The Golden Key is a fairy tale written by George MacDonald. It was published in Dealings with the Fairies (1867).

It is particularly noted for the intensity of the suggestive imagery, which implies a spiritual meaning to the story without providing a transparent allegory for the events described.

==Plot summary==

A young boy listens to his Great-aunt's stories about a magical golden key found at the end of a rainbow. One day, he sees an immense rainbow and sets out to find its end in an enchanted forest. As the forest is in Fairyland where everything has an opposite effect, the rainbow only glows brighter when the sun sets. He finds the key, then it dawns on him that he does not know where the lock is.
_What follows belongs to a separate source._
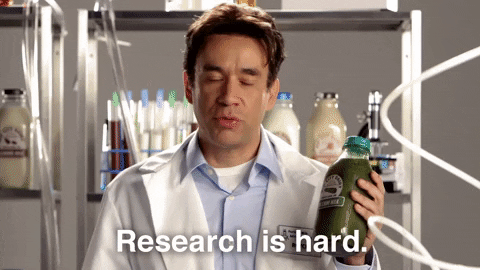 Gif of Fred Armisen shaking his head with the words "research is hard."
In the same village on the border of this forest, a merchant's neglected daughter is frightened by the fairies. Their first attempt fails but when they make her think the three bears are coming into her bedroom, she flees into the woods.

A tree tries to trap her, but a feathered airborne fish frees her, then leads her to a wise woman's cottage. A pot is boiling there, and the air fish flies into it. The lady asks her name; the girl says that the servants always called her Tangle, and the lady decides that although her tangled hair was their fault for not looking after her, Tangle is a pretty name. She says she is called Grandmother, and that it has been three years since Tangle ran away from the "bears". She has the girl washed by fish and dresses her. Then they eat the air fish for dinner after the lady assures her that the air fish had voluntarily gone into the pot to be their food, and the cooking pot produces a little-winged figure, who flies off.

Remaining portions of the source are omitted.